All this rain this week afforded a little time on the garage project.

Roof structure is 2x12x24 @ 12" centers and 3/4" t&g plywood.

The base sheet is down so she's fairly waterproof and we'll torch down the rest latter. The garage and entry doors are going in so stucco work is probably coming next.

We'll partition down the center, run a couple outlets and get them rented.


----------



## superseal (Feb 4, 2009)

Preparing the schedule for winter work and bossman has got the itch to start some more garage work :thumbup:

Another garage that's well over 100 years old is coming down to make room for another. 

Looks like another early version of a modern pole barn...we'll be ripping it down, expanding the footprint and constructing with CMU's.

No real set schedule here...great filler job!


----------



## hdavis (Feb 14, 2012)

Taking it down with an excavator?


----------



## superseal (Feb 4, 2009)

hdavis said:


> Taking it down with an excavator?


Probably pull it down with the new loader :thumbup:


----------



## superseal (Feb 4, 2009)

New loader made quick work of ripping this old garage down to make room for some new units...Now if we can just get the new ones up before the building inspector notices, we'll be in good shape :whistling


----------



## superseal (Feb 4, 2009)

Same old story year after year, bossman gets the itch to clean up the old place and rounds up the troops to get'r done. 

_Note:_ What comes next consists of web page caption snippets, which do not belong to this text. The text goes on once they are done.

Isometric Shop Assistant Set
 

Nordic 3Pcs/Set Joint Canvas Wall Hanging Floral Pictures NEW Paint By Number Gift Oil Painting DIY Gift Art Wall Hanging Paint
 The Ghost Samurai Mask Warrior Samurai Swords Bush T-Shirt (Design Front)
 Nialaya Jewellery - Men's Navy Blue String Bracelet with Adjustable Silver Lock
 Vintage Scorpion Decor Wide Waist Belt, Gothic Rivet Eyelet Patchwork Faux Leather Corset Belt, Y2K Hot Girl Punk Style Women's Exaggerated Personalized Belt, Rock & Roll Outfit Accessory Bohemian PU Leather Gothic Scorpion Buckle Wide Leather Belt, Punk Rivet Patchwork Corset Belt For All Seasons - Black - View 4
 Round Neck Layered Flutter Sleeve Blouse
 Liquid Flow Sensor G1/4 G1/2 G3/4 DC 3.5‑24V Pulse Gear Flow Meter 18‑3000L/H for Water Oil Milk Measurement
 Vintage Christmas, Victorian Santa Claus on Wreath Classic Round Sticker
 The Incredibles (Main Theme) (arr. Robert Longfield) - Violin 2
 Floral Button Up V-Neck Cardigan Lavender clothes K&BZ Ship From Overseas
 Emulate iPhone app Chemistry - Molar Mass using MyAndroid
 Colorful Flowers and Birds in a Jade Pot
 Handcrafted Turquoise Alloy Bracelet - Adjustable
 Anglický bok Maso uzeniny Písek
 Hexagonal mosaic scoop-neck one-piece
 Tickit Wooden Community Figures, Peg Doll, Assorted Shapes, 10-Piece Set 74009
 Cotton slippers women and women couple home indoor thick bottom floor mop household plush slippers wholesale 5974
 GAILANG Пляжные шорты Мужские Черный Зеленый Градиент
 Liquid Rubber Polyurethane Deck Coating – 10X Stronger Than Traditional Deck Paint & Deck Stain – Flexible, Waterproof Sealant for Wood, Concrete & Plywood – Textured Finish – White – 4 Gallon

It seems we all have the ambition late in the season to offer a helping hand, then winter sets in and we all get lazy.

No matter, Spring has sprung finally so we're chipping in once again to give back to a fella who gives us a lot throughout the year...good prices, good food and good camaraderie.

What are good friends for anyway :thumbup:


----------



## superseal (Feb 4, 2009)

So the old garage was a bit obtuse...the new one we squared off to gain more space = more rent...One of the trucks came in with some extra pump mix so we banged out an apron and small set of steps while there.

Art was working on re-installing the old garage door since it's not in bad shape and Nick, Louie and myself placed the mud.

Bossman wants all the different colors of stucco he carries at the yard to be on display on the walls so we cut up panels and will grant his wish. 

No matter, after he sees it looking rather ridiculous, he'll probably say paint it all grey :laughing:


----------